How to Plan an Event and Make Money - Event Planning

How to Plan an Event and Make Money

•  3 minute read

Events take time, money, and vision to be successful — even small ones. In fact, it’s better to start small before you move to the big stage.

Earlier this year, I hosted my first live event to mark the launch of my first book, Unmasking the Strong Black Woman. Working at a full-time job and being the mother of an infant, I wasn’t sure if I would have the time or the resources to put together anything interesting. Eventually, not only did it turn out to be well attended, but I also made a profit of $1,000 by the end of the day!

 

How to Plan an Event: Where to Start?

Start with a manageable vision.

If you’re hosting your first event, start small. Aim for a small number of attendees, each paying a small fee. I set my goal at having a two-hour event with 50 guests attending at $25 per person. I included one of my financial self-care workshops and an autographed copy of my book in the ticket price.

 

Place your event in a larger context.

I planned the launch of Unmasking the Strong Black Woman for March, which is Women’s History Month. Linking your event to a larger social issue or a current event will make it more relevant to potential attendees and more appealing to the local press.

 

Set the date of the event early.

I gave myself six months of planning time. Since curating an event (even a small one) requires managing several moving parts, give yourself more time to take care of business at a slower pace. This will help to keep your nerves calm.

 

Streamline your calendar.

I’ve seen “solopreneurs” attempt to launch several big initiatives simultaneously. The results have been lackluster. Many had to cancel their events at the last minute or deeply discount the tickets to ensure that the seats would be filled. If you have big dreams for your brand, consider having one or two large events every year so you can establish more predictable revenue streams.

 

Seek a low-cost venue.

For my first event, I approached a local bookstore owner. We agreed to share the profits from the books sold at the event. Depending on the nature of your event, you may also consider affordable spaces at community centers, universities, or even restaurants during their off hours.

 

Build a team.

To successfully execute a live event, you’re going to need help. I worked with my social media manager on a marketing plan that included social media posts across Instagram, Facebook, and Twitter; email blasts to my subscribers, as well as friends and family; and blog posts and podcasts around the topic.

 

Selling Tickets and Making Money

To simplify the ticket sales process, I opted to use Eventbrite. This event planning software allows you to upload your marketing collateral and collect your payments in one place. But keep in mind that it comes with a fee.

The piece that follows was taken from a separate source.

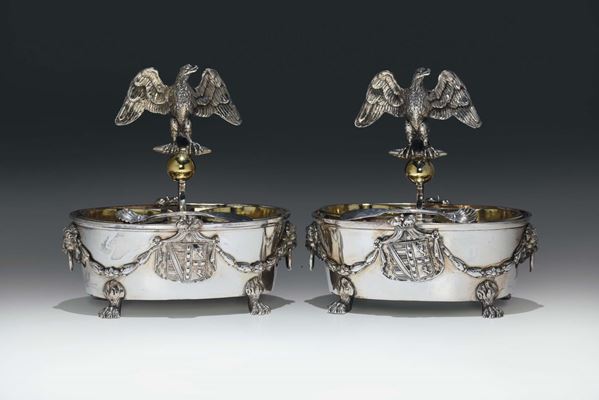 Coppia di saliere doppie in argento fuso, sbalzato, cesellato e dorato. Maestro Argentiere Giovacchino Belli (Roma 1820-1830 circa)
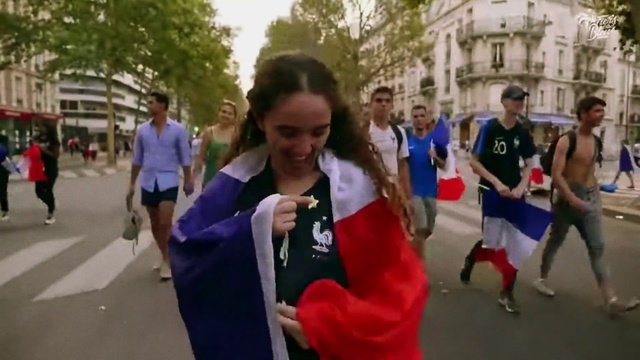 Video Reference: Shorts, Leisure, Tree, Recreation, Event, Fun, Crowd, Road, Walking, Pedestrian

Now comes the most important part of the event — the financial strategy. Here are a few pointers:

 

Consider how much you want to make.

I wanted to earn at least a $1,000 from my event. So I ran the numbers. After paying fees, commissions, and the cost of social media work, I needed to gross $1,250 to walk away with $1,000 in profit. So I planned to sell 50 tickets at $25 each.

 

Offer discounts and think about the up-sell.

In addition to early bird specials, I combined the offer with an “early bird bring a friend” discount to make a more attractive sales pitch.

I also offered to interested participants one-on-one coaching sessions later. You can include other up-sells, such as journals, planners, or branded T-shirts.

 

Get email addresses.

If you don’t have an immediate up-sell available at your event, don’t stress. Think about the long game and ask for the attendees’ email addresses.

If the attendees are on your email list, you’ll be able to nurture long-term and rewarding relationships with them in the future.

Secure sponsors.

As a personal finance expert, I work with many women who face money challenges. I wanted them to attend my event, but I knew it would be tough for them to find the cash to pay. I found two sponsors to buy group tickets so these women could attend for free. Sponsorship created goodwill for their businesses while helping me meet my financial goals. It’s a win-win-win partnership. 

 

Pull in favors.

I had a network of friends that I could call on to do favors for me. For instance, one of my girlfriends served as the official Frugal Feminista greeter, while another took care of social media.

 

Event Planning: Learn From Your Experience

It’s been more than six months since I successfully hosted my first live event. In hindsight, there are some things that I could have done differently. But it was a good start. If you start small and fully execute your vision for the first event that you plan, the path to bigger and better events in the future will be smoother.